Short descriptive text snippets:
══════════════════════════════

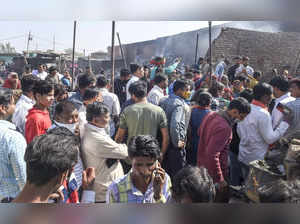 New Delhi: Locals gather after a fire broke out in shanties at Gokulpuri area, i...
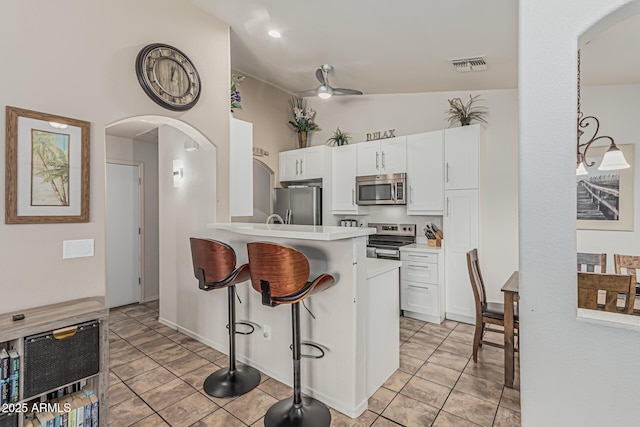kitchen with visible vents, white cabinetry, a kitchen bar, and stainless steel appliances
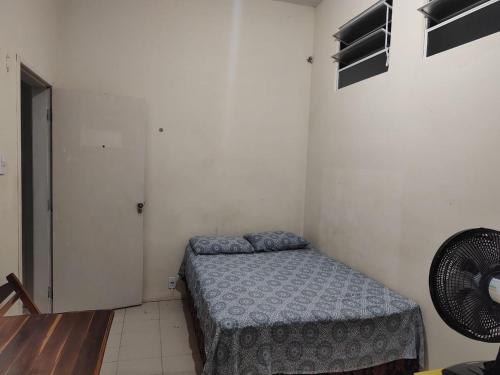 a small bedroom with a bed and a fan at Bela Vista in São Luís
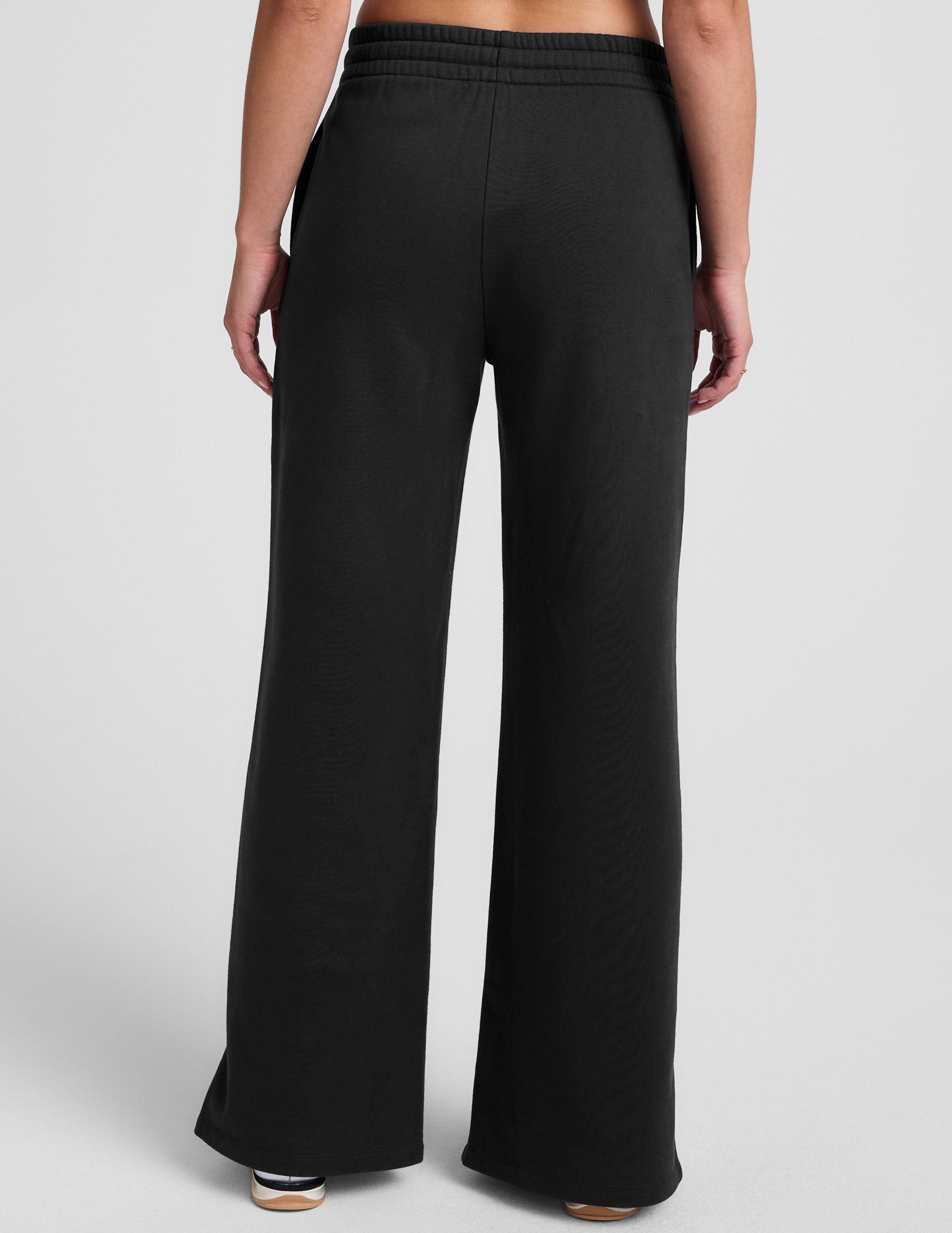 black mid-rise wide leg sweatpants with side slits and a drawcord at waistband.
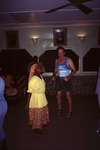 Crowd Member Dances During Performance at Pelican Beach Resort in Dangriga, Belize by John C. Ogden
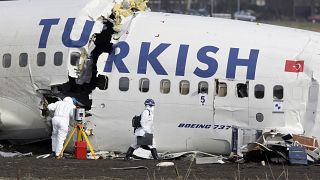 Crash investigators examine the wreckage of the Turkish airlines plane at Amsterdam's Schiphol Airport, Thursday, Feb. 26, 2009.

══════════════════════════════

» **EXERCISE**:
The entries above need to be output again in full, exactly, and without pictures.

» **PROBLEM SOLUTION**:
 New Delhi: Locals gather after a fire broke out in shanties at Gokulpuri area, i...
kitchen with visible vents, white cabinetry, a kitchen bar, and stainless steel appliances
 a small bedroom with a bed and a fan at Bela Vista in São Luís
 black mid-rise wide leg sweatpants with side slits and a drawcord at waistband.
 Crowd Member Dances During Performance at Pelican Beach Resort in Dangriga, Belize by John C. Ogden
 Crash investigators examine the wreckage of the Turkish airlines plane at Amsterdam's Schiphol Airport, Thursday, Feb. 26, 2009.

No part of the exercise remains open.